- _Excerpts from a dataset_:
^^^^^^^^

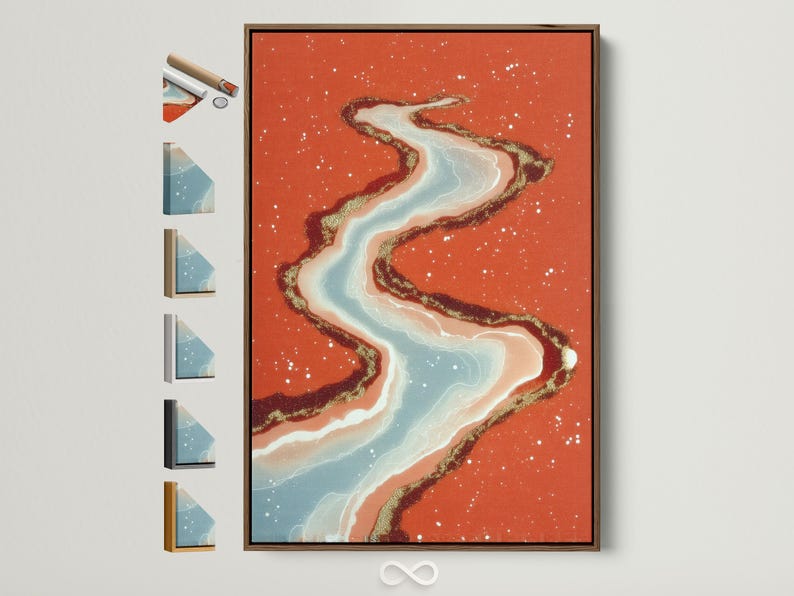 Abstract river ribbon in pale blue and cream with gold speckles over a terracotta background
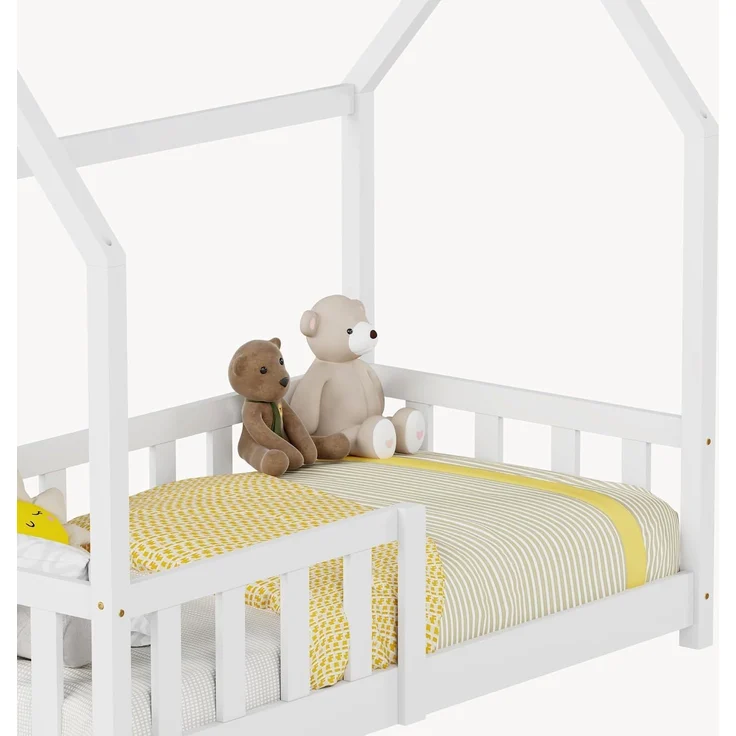 Hausbett Hesel mit Rausfallschutz 70x140 cm Weiß [en. casa] – Bild 8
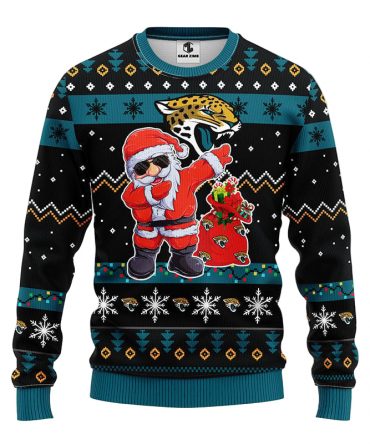 Jacksonville Jaguars Dabbing Santa Claus Ugly Christmas Sweater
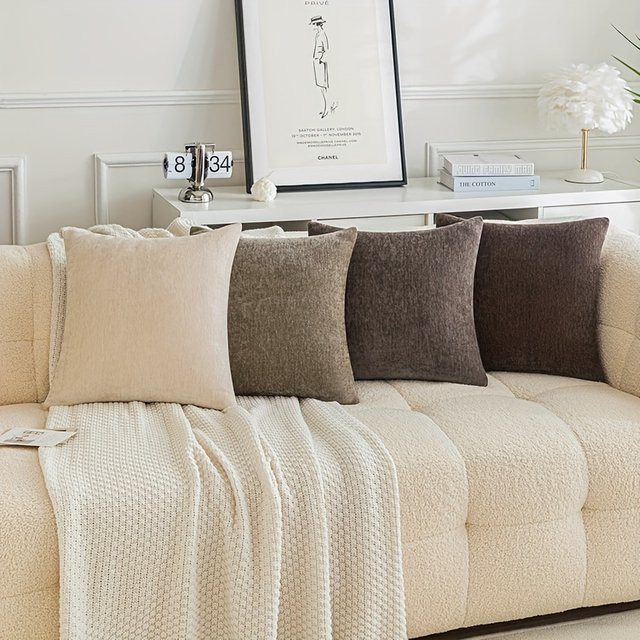Homemorelove Chenille-Sofa-Kissenbezüge in Beige, 2 oder 4 Stück, weiche Kissenbezüge im modernen Bauernhaus-Stil für dein Wohnzimmer oder Schlafzimmer - Bild 1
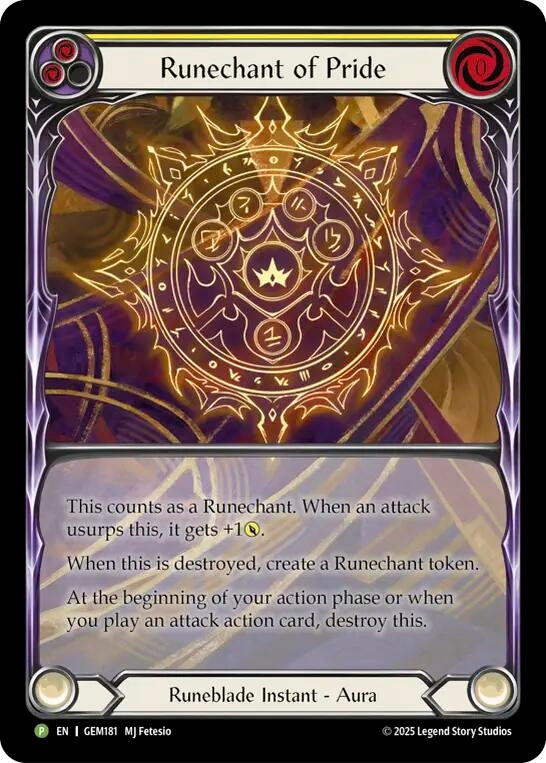 Image for Runechant of Pride (Yellow) (GEM181) (Rainbow Foil) (GEM) - Flesh and Blood TCG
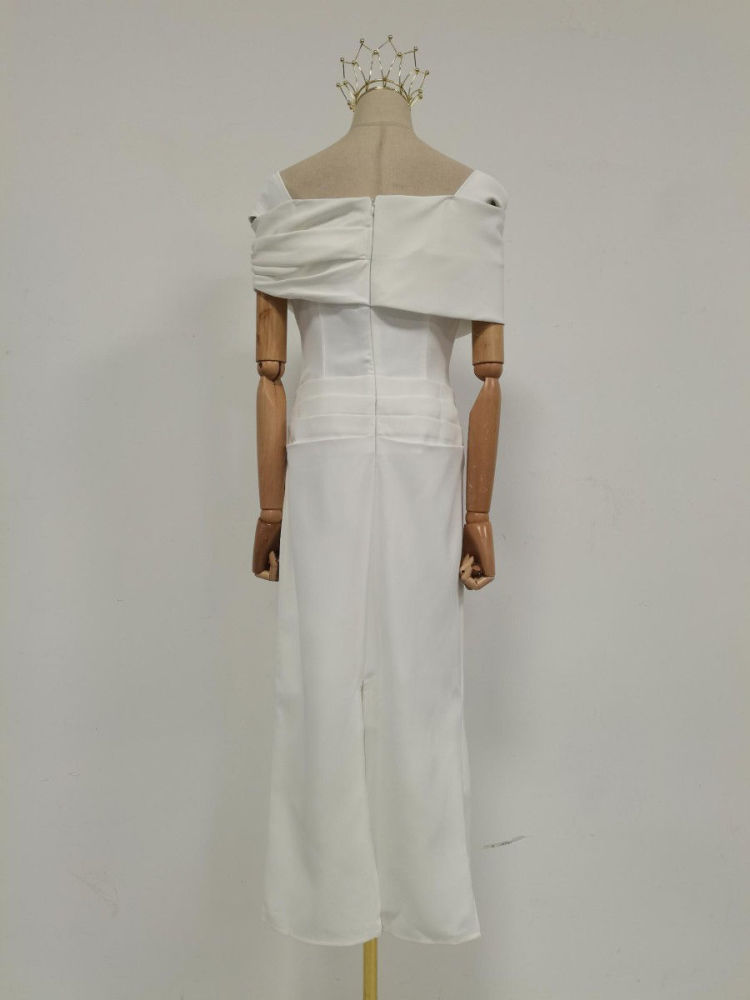 TWOTWINSTYLE Off Shoulder Tunic Midi Dress
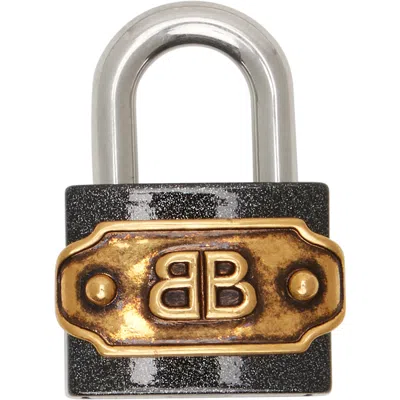 Balenciaga Black & Silver Bb Padlock Bag Charm In 1154-black/silver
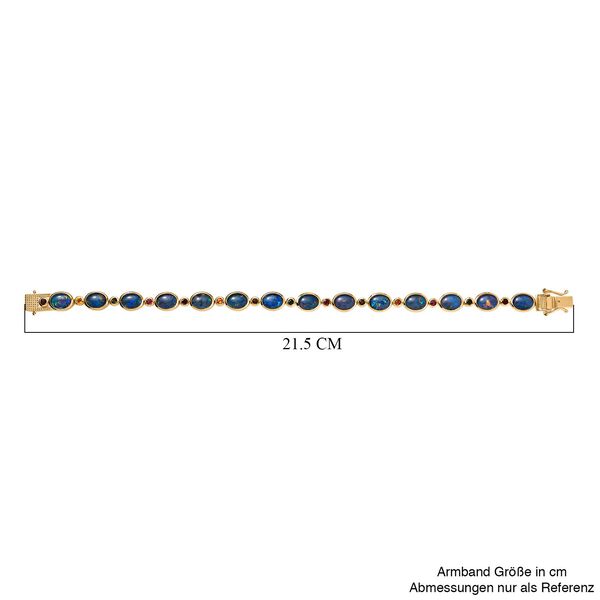 Boulder Opal Triplette, Mehrfarbig-Turmalin Armband ca. 19 cm 925 Silber 750 Gelb Vermeil ca. 14,01 ct. image number 5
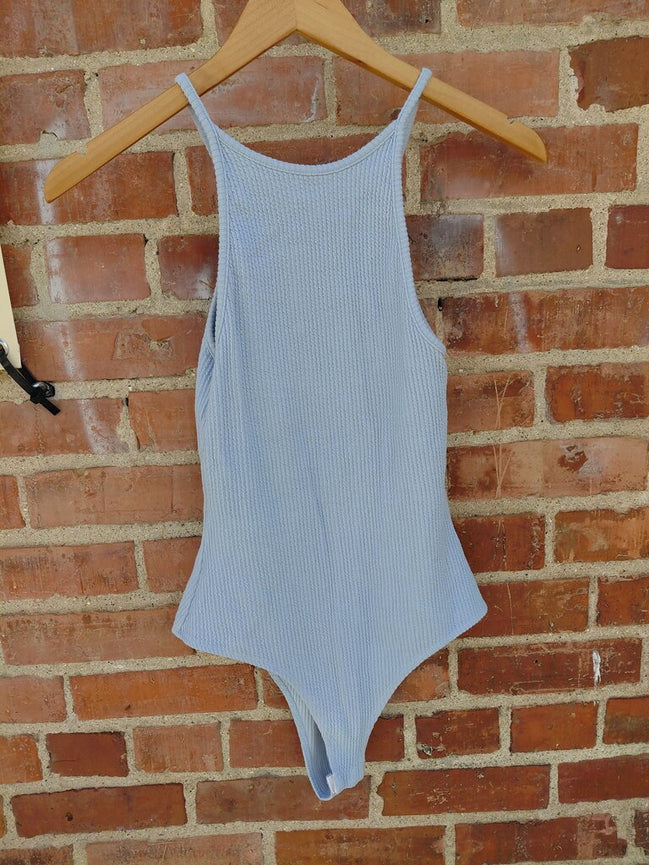 Light Blue Ribbed One-Piece Swimsuit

^^^^^^^^

- _WHAT TO DO_: Generate a word-for-word copy of the preceding records, excluding all pictures.

- _SOLUTION FOR THIS TASK_:
 Abstract river ribbon in pale blue and cream with gold speckles over a terracotta background
 Hausbett Hesel mit Rausfallschutz 70x140 cm Weiß [en. casa] – Bild 8
 Jacksonville Jaguars Dabbing Santa Claus Ugly Christmas Sweater
Homemorelove Chenille-Sofa-Kissenbezüge in Beige, 2 oder 4 Stück, weiche Kissenbezüge im modernen Bauernhaus-Stil für dein Wohnzimmer oder Schlafzimmer - Bild 1
 Image for Runechant of Pride (Yellow) (GEM181) (Rainbow Foil) (GEM) - Flesh and Blood TCG
 TWOTWINSTYLE Off Shoulder Tunic Midi Dress
 Balenciaga Black & Silver Bb Padlock Bag Charm In 1154-black/silver
 Boulder Opal Triplette, Mehrfarbig-Turmalin Armband ca. 19 cm 925 Silber 750 Gelb Vermeil ca. 14,01 ct. image number 5
 Light Blue Ribbed One-Piece Swimsuit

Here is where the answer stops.